### GIVEN DATA
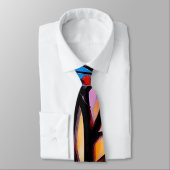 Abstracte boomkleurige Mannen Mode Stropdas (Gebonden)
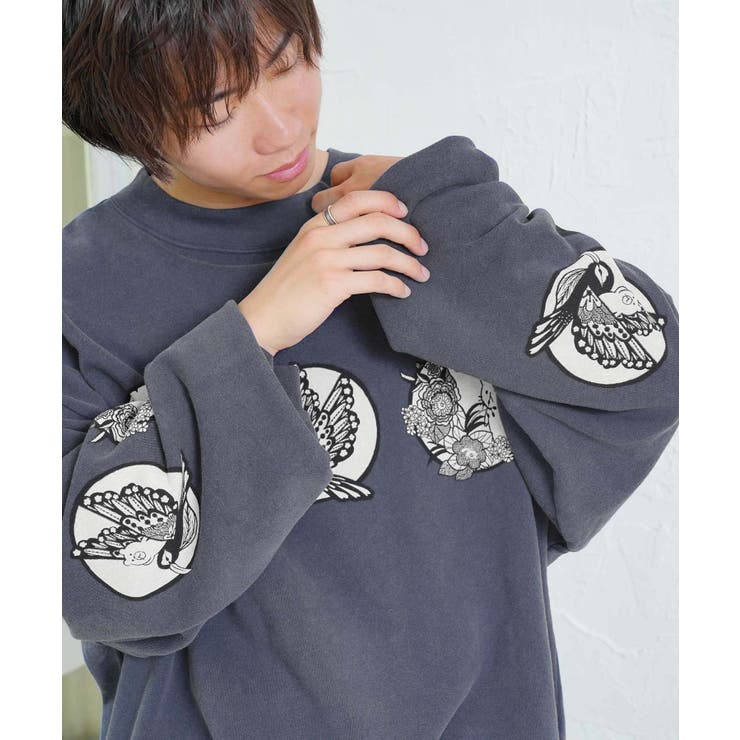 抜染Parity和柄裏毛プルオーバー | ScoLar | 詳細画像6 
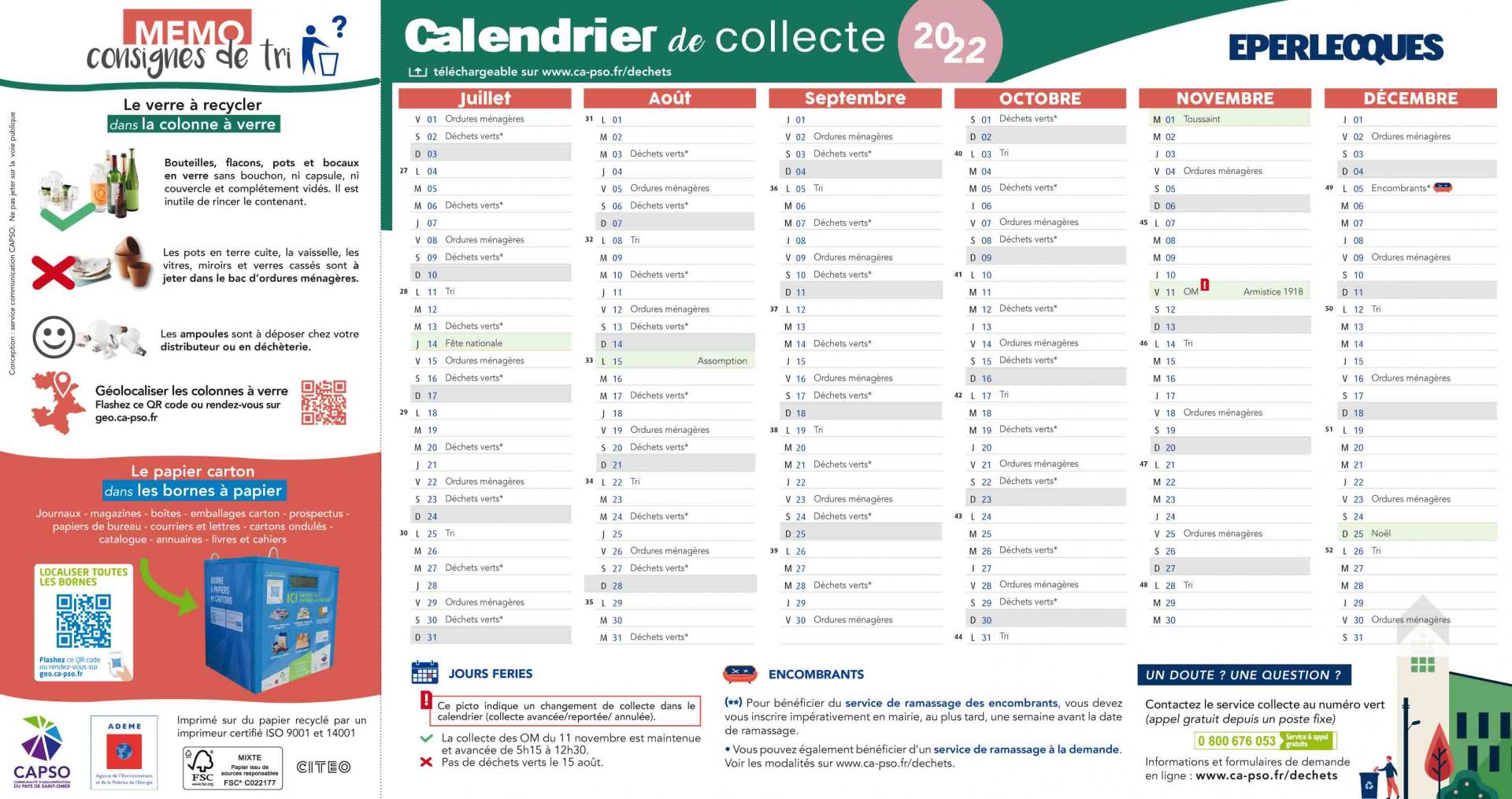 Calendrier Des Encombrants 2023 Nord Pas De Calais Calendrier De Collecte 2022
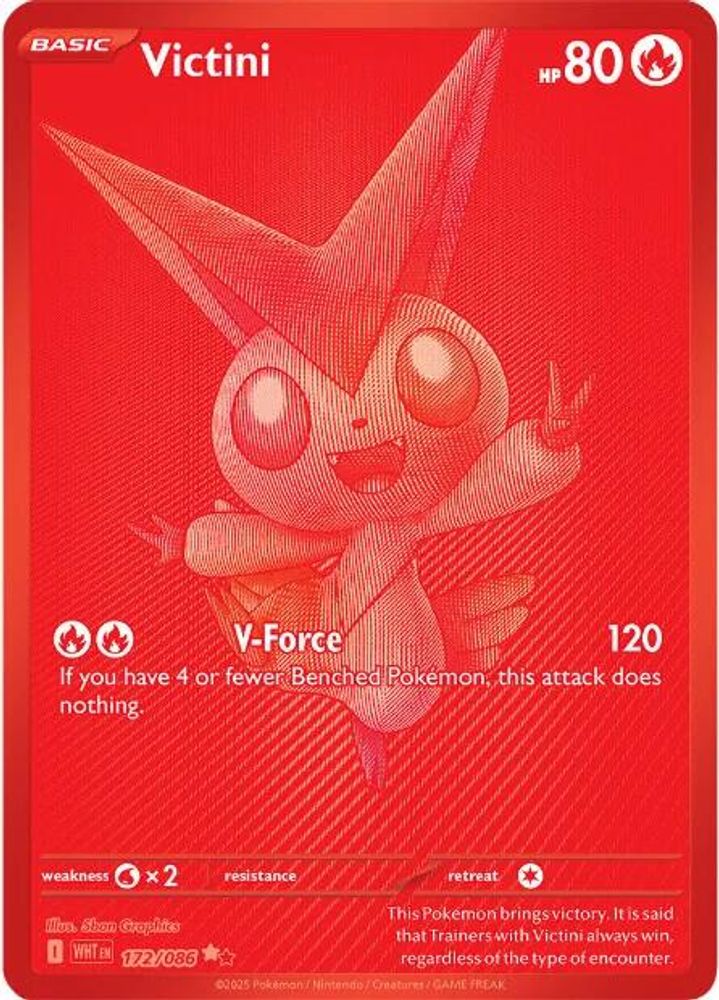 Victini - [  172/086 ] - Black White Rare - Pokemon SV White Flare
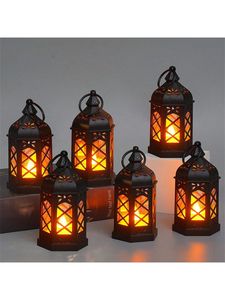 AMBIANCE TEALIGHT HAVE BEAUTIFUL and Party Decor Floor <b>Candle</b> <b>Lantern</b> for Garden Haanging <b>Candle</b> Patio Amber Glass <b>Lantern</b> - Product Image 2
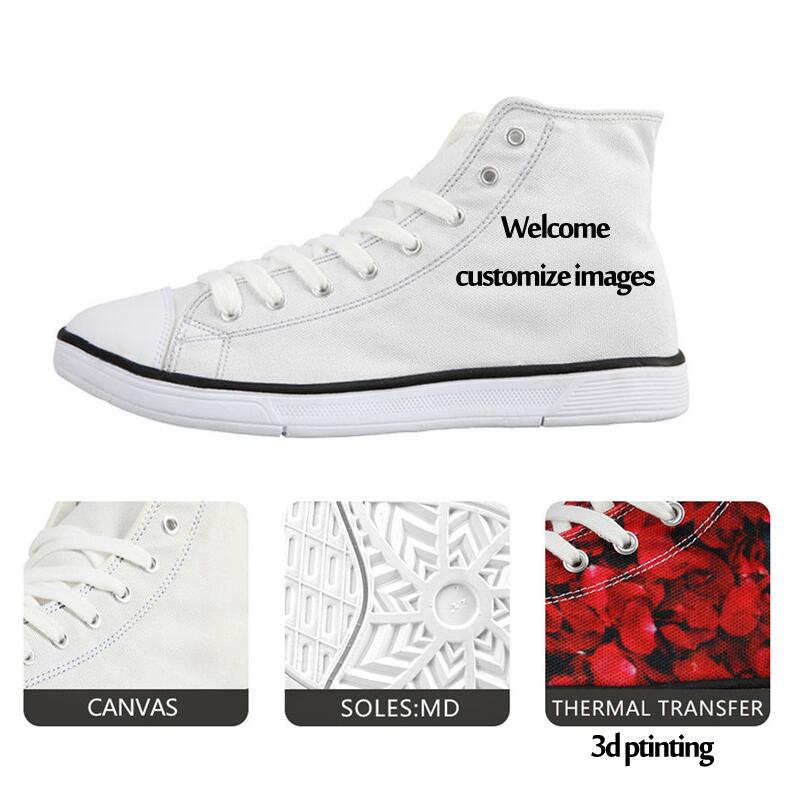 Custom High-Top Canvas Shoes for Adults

### PROBLEM DETAILS
Give back each of the records above word for word, apart from the pictures.

### ANSWER TO THIS EXERCISE
 Abstracte boomkleurige Mannen Mode Stropdas (Gebonden)
 抜染Parity和柄裏毛プルオーバー | ScoLar | 詳細画像6 
 Calendrier Des Encombrants 2023 Nord Pas De Calais Calendrier De Collecte 2022
 Victini - [  172/086 ] - Black White Rare - Pokemon SV White Flare
 AMBIANCE TEALIGHT HAVE BEAUTIFUL and Party Decor Floor <b>Candle</b> <b>Lantern</b> for Garden Haanging <b>Candle</b> Patio Amber Glass <b>Lantern</b> - Product Image 2
 Custom High-Top Canvas Shoes for Adults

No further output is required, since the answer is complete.